2007-03-09 Thread David Ruggles
What kind of hardware are you using in your setup?

I'm using dell GX150 PIII 1G 512M, because I can get them in quantity and
the parts are easily interchangeable

Thanks,

David Ruggles
CCNA MCSE (NT) CNA A+
Network EngineerSafe Data, Inc.
(910) 285-7200  [EMAIL PROTECTED]



-Original Message-
From: [EMAIL PROTECTED]
[mailto:[EMAIL PROTECTED] On Behalf Of Steve Edwards
Sent: Thursday, March 08, 2007 6:21 PM
To: Asterisk Users Mailing List - Non-Commercial Discussion
Subject: Re: [asterisk-users] Call load balancing


On Thu, 8 Mar 2007, David Ruggles wrote:

 I've got a system I'm putting together to handle IVR calls with *

 I have one head system that terminates two PRIs. It routes the calls from
 the PRIs to * boxes using IAX I'm planning on having four or five * boxes.
 The * boxes run AGI scripts to process the IVR calls. Can I load balance
the
 routing if I have five calls each of the IVR * boxes gets two call and the
 next call would go to the system that currently has the lowest number of
 calls?

Quick answer, yes.

How is more interesting :)

First, unless your AGI's are massive or incredibly inefficient, 2 PRI's 
won't swamp your IVR boxes.

I have 3 1u servers each with 2 PRI's forwarding all 138 calls to a single 
application server. All of the PRI's could be handled by 1 1u but 
management wanted flexibility and redundancy.

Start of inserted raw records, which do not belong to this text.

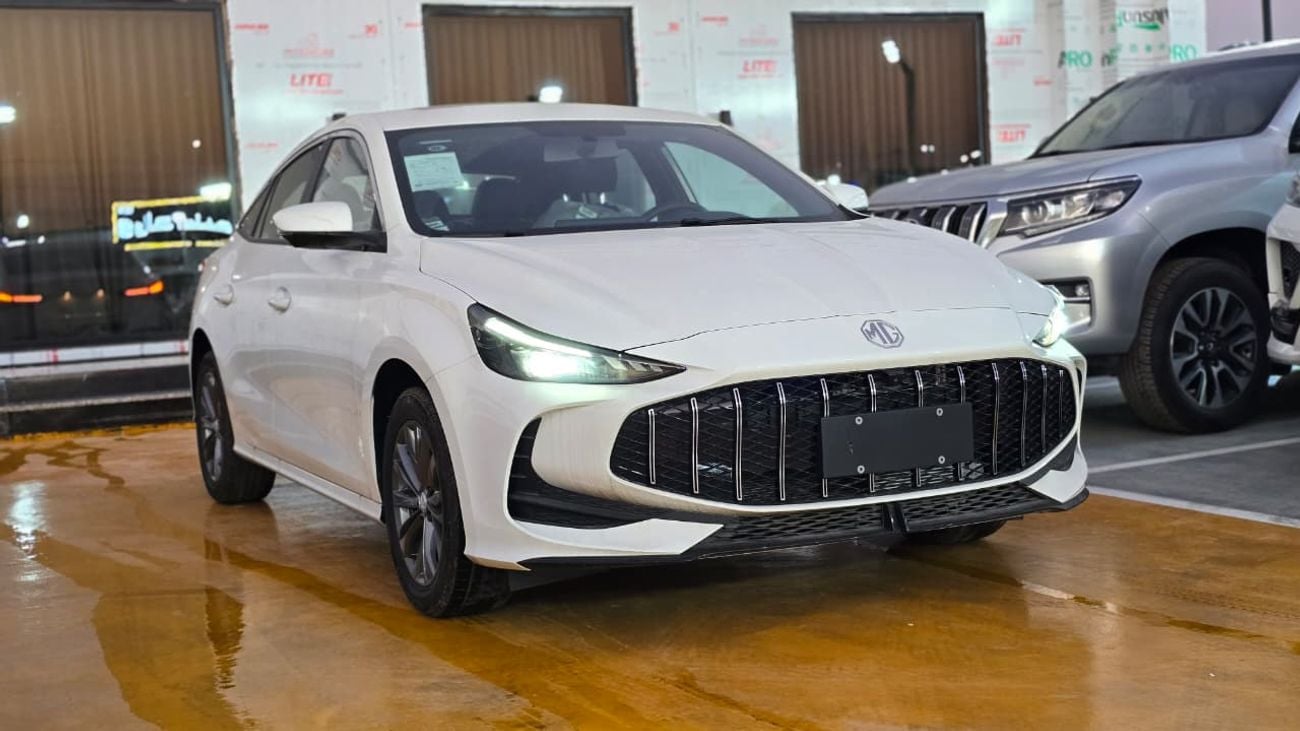 MG 5 MG 5 1.5L 2025 FOOL OPTION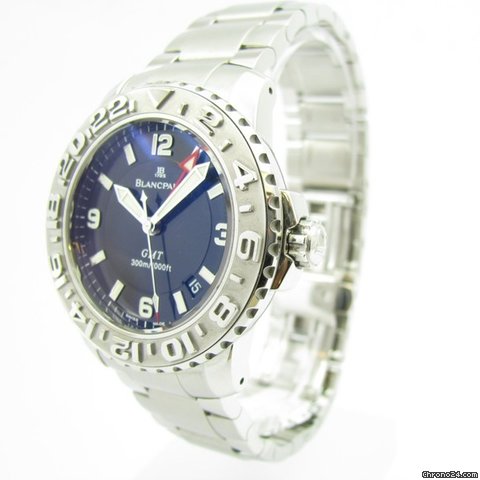 Blancpain Fifty Fathoms FMT Trilogy Collection mit 2 Jahren Herstellergarantie WATCHES 2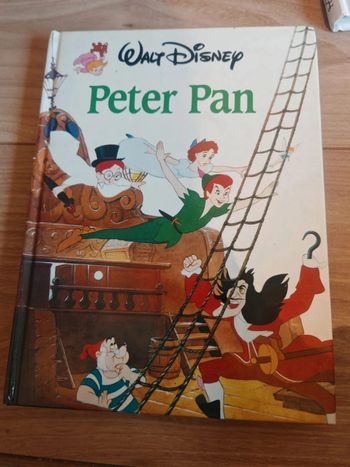 Livre les classiques disney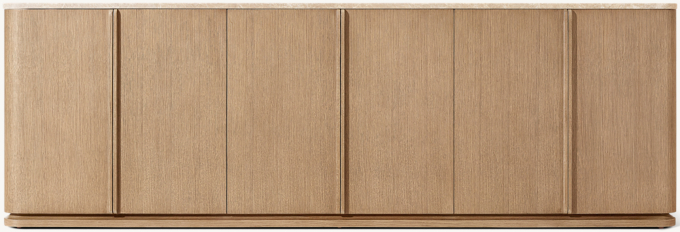 Ligné Emperador 6-Door Sideboard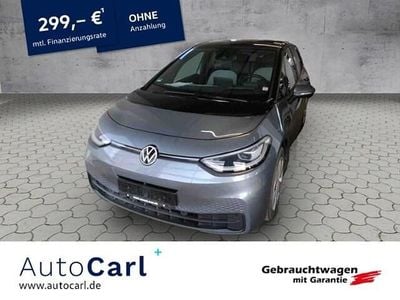 Gebraucht VW ID.3 Pro 106 kW (145 PS) 2022 Stonewashed blue metallic Kleinwagen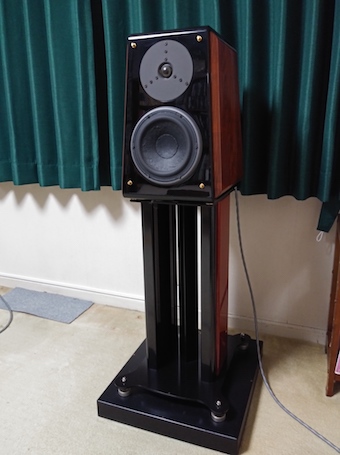 TAOC FC3000 | オーディオ餅田苑のオーディオランド体験記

The application server does IVR, conferencing, records messages, plays 
canned stories, credit card processing, etc, etc, etc. All implemented 
with a bunch of AGI's written in C. Each call executes a minimum of 9 
AGI's and yes, some AGI consolidation is planned.

All database work is handled by a separate box.

Anyway, back to your question, how about your head system running an AGI 
that connects to the manager interface on the IVR boxes to find out how 
many calls each is currently processing? You could set a channel variable 
with the least busy host name and use that in your dial statement.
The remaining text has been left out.